Enggan Ikuti Kenaikan UMP 6,5%, Pelabuhan Terbesar di Dunia JICT dan TPK Koja,
“Ternyata Upah Buruh Lebih Rendah dari Perusahaan Kecil di Indonesia”,
Jakarta, 24 Januari 2025, TKBM News – Di tengah sorotan publik terhadap kebijakan pengupahan nasional, operator pelabuhan terbesar di Indonesia, JICT (Jakarta International Container Terminal) dan TPK Koja, menjadi perhatian karena tidak mengikuti kebijakan kenaikan Upah Minimum Provinsi (UMP) sebesar 6,5% yang dicanangkan oleh pemerintah di bawah kepemimpinan Presiden Prabowo Subianto.
Ketua Umum Pimpinan Pusat Serikat Pekerja Tenaga Kerja Bongkar Muat Indonesia (SP TKBM Indonesia), yang juga Koordinator Nasional Aliansi Buruh Pelabuhan Indonesia, menyatakan kekecewaannya atas ketidakmampuan JICT dan TPK Koja untuk menyesuaikan upah buruhnya.

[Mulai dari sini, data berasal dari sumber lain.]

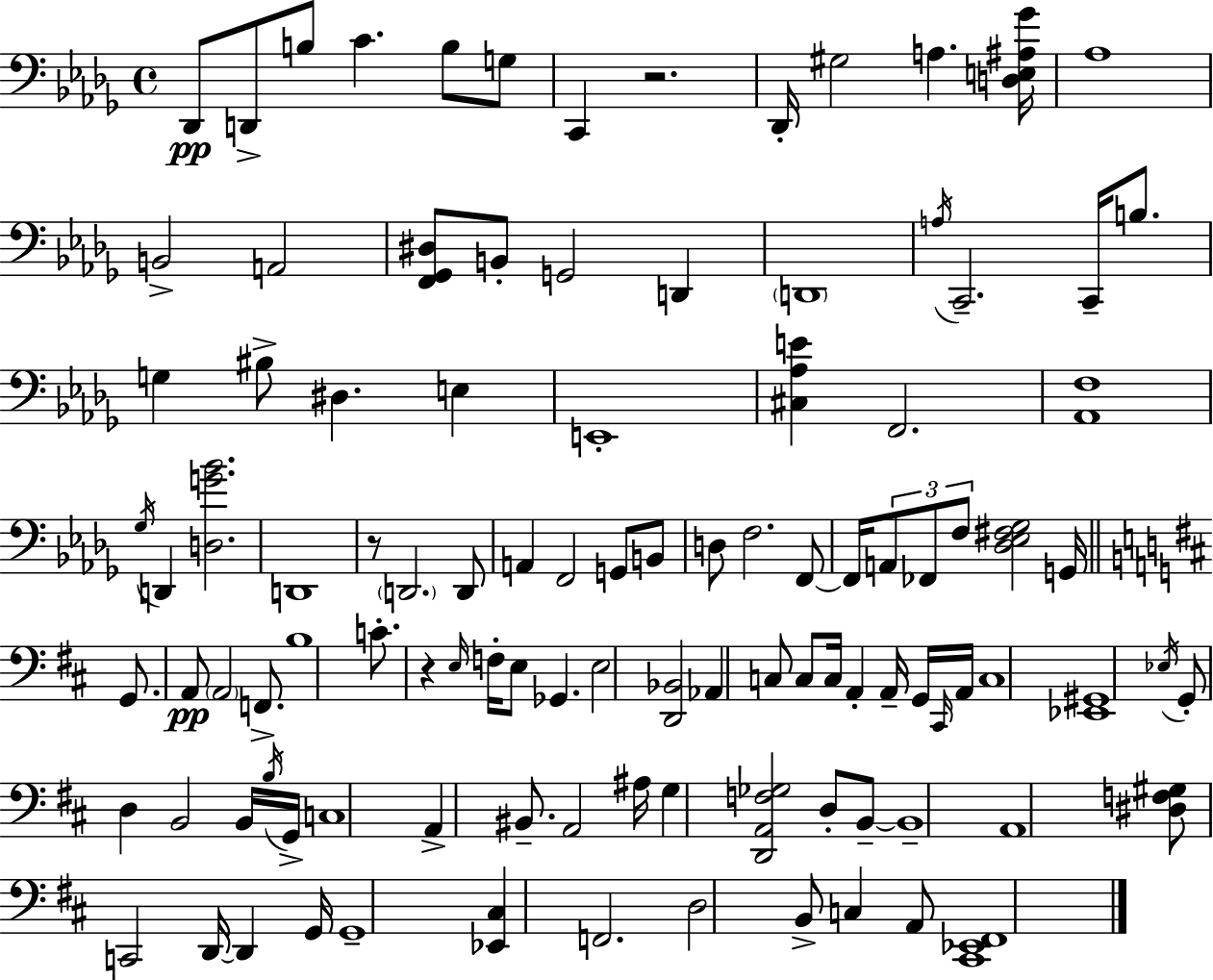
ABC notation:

X:1
T:Untitled
M:4/4
L:1/4
K:Bbm
_D,,/2 D,,/2 B,/2 C B,/2 G,/2 C,, z2 _D,,/4 ^G,2 A, [D,E,^A,_G]/4 _A,4 B,,2 A,,2 [F,,_G,,^D,]/2 B,,/2 G,,2 D,, D,,4 A,/4 C,,2 C,,/4 B,/2 G, ^B,/2 ^D, E, E,,4 [^C,_A,E] F,,2 [_A,,F,]4 _G,/4 D,, [D,G_B]2 D,,4 z/2 D,,2 D,,/2 A,, F,,2 G,,/2 B,,/2 D,/2 F,2 F,,/2 F,,/4 A,,/2 _F,,/2 F,/2 [_D,_E,^F,_G,]2 G,,/4 G,,/2 A,,/2 A,,2 F,,/2 B,4 C/2 z E,/4 F,/4 E,/2 _G,, E,2 [D,,_B,,]2 _A,, C,/2 C,/2 C,/4 A,, A,,/4 G,,/4 ^C,,/4 A,,/4 C,4 [_E,,^G,,]4 _E,/4 G,,/2 D, B,,2 B,,/4 B,/4 G,,/4 C,4 A,, ^B,,/2 A,,2 ^A,/4 G, [D,,A,,F,_G,]2 D,/2 B,,/2 B,,4 A,,4 [^D,F,^G,]/2 C,,2 D,,/4 D,, G,,/4 G,,4 [_E,,^C,] F,,2 D,2 B,,/2 C, A,,/2 [^C,,_E,,^F,,]4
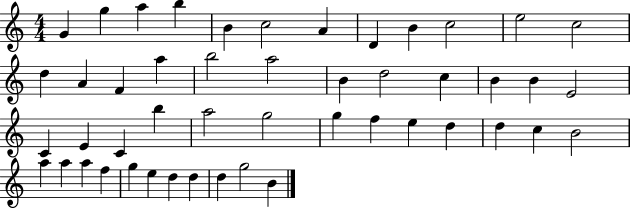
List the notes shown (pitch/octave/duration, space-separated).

G4/q G5/q A5/q B5/q B4/q C5/h A4/q D4/q B4/q C5/h E5/h C5/h D5/q A4/q F4/q A5/q B5/h A5/h B4/q D5/h C5/q B4/q B4/q E4/h C4/q E4/q C4/q B5/q A5/h G5/h G5/q F5/q E5/q D5/q D5/q C5/q B4/h A5/q A5/q A5/q F5/q G5/q E5/q D5/q D5/q D5/q G5/h B4/q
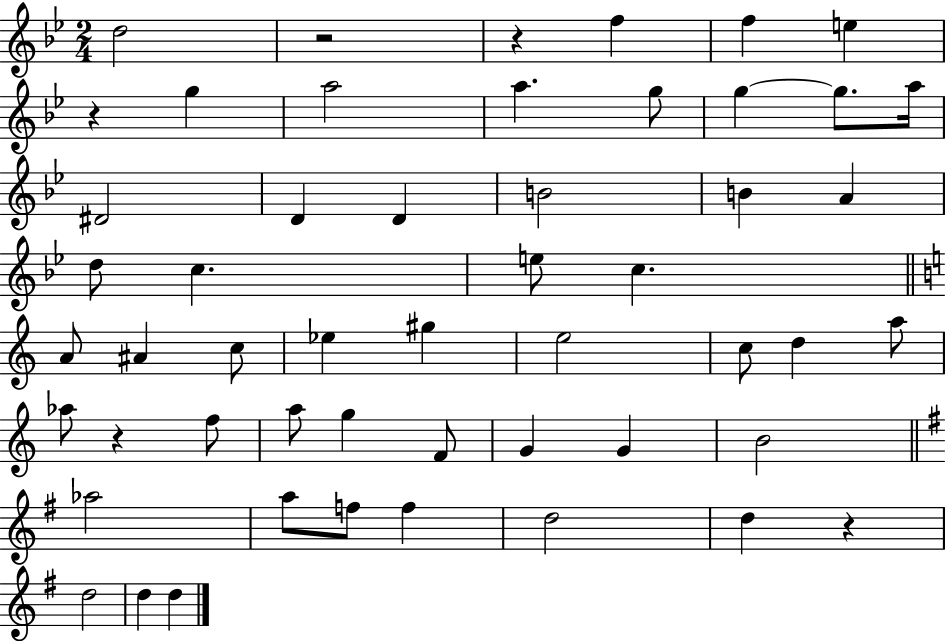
X:1
T:Untitled
M:2/4
L:1/4
K:Bb
d2 z2 z f f e z g a2 a g/2 g g/2 a/4 ^D2 D D B2 B A d/2 c e/2 c A/2 ^A c/2 _e ^g e2 c/2 d a/2 _a/2 z f/2 a/2 g F/2 G G B2 _a2 a/2 f/2 f d2 d z d2 d d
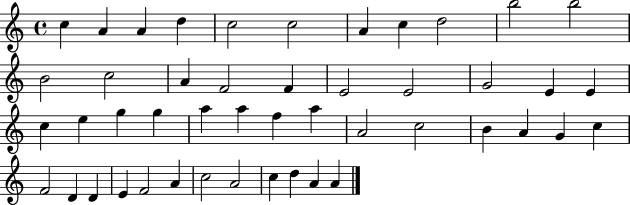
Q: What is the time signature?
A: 4/4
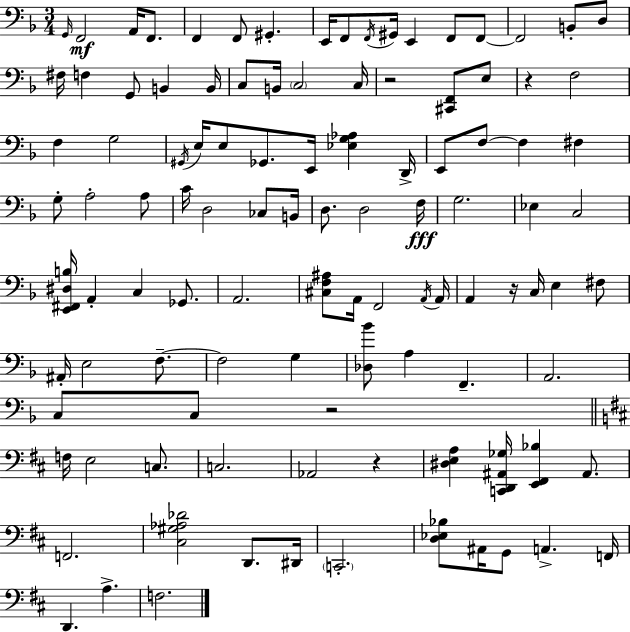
X:1
T:Untitled
M:3/4
L:1/4
K:F
G,,/4 F,,2 A,,/4 F,,/2 F,, F,,/2 ^G,, E,,/4 F,,/2 F,,/4 ^G,,/4 E,, F,,/2 F,,/2 F,,2 B,,/2 D,/2 ^F,/4 F, G,,/2 B,, B,,/4 C,/2 B,,/4 C,2 C,/4 z2 [^C,,F,,]/2 E,/2 z F,2 F, G,2 ^G,,/4 E,/4 E,/2 _G,,/2 E,,/4 [_E,G,_A,] D,,/4 E,,/2 F,/2 F, ^F, G,/2 A,2 A,/2 C/4 D,2 _C,/2 B,,/4 D,/2 D,2 F,/4 G,2 _E, C,2 [E,,^F,,^D,B,]/4 A,, C, _G,,/2 A,,2 [^C,F,^A,]/2 A,,/4 F,,2 A,,/4 A,,/4 A,, z/4 C,/4 E, ^F,/2 ^A,,/4 E,2 F,/2 F,2 G, [_D,_B]/2 A, F,, A,,2 C,/2 C,/2 z2 F,/4 E,2 C,/2 C,2 _A,,2 z [^D,E,A,] [C,,D,,^A,,_G,]/4 [E,,^F,,_B,] ^A,,/2 F,,2 [^C,^G,_A,_D]2 D,,/2 ^D,,/4 C,,2 [D,_E,_B,]/2 ^A,,/4 G,,/2 A,, F,,/4 D,, A, F,2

“Ini sangat ironis. Sebagai operator pelabuhan terbesar yang memberikan gaji pegawainya hingga puluhan bahkan ratusan juta rupiah per bulan, mereka justru tidak mampu memenuhi kenaikan UMP sebesar 6,5% bagi buruh pelabuhan. Padahal, perusahaan bongkar muat kecil di Indonesia mampu menjalankan kebijakan pemerintah ini,” ungkapnya dalam keterangan pers hari ini.
Lebih lanjut, ia menyoroti bahwa gaji buruh di JICT dan TPK Koja pada tahun 2025 justru lebih rendah dibandingkan perusahaan-perusahaan kecil lainnya yang konsisten mengikuti kebijakan pro-rakyat terkait upah. Kondisi ini, menurutnya, mencerminkan kurangnya komitmen perusahaan besar terhadap kesejahteraan buruh yang merupakan tulang punggung operasional pelabuhan.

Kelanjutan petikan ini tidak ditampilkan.